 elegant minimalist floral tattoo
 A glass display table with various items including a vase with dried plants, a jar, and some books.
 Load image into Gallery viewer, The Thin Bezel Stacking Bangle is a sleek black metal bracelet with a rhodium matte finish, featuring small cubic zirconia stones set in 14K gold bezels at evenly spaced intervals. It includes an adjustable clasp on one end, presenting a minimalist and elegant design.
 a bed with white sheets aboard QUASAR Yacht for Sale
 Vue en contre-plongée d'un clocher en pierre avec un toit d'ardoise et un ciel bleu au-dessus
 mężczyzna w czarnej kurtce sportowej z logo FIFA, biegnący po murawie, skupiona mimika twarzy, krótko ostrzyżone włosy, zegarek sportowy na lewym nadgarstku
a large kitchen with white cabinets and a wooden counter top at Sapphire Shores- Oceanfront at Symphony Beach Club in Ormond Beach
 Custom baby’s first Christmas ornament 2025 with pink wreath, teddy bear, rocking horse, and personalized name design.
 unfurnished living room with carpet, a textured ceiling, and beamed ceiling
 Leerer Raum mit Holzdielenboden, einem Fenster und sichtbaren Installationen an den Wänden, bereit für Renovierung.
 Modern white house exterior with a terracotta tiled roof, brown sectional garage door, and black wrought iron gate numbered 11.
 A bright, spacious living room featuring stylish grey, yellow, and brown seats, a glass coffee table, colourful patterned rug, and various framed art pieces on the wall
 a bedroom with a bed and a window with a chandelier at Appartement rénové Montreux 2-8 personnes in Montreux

◇ ◇ ◇

> [YOUR TASK]: Begin at the first line of the records above and quote every line verbatim through the one that contains "a bed with white".

> [WRITTEN ANSWER]:
 elegant minimalist floral tattoo
 A glass display table with various items including a vase with dried plants, a jar, and some books.
 Load image into Gallery viewer, The Thin Bezel Stacking Bangle is a sleek black metal bracelet with a rhodium matte finish, featuring small cubic zirconia stones set in 14K gold bezels at evenly spaced intervals. It includes an adjustable clasp on one end, presenting a minimalist and elegant design.
 a bed with white sheets aboard QUASAR Yacht for Sale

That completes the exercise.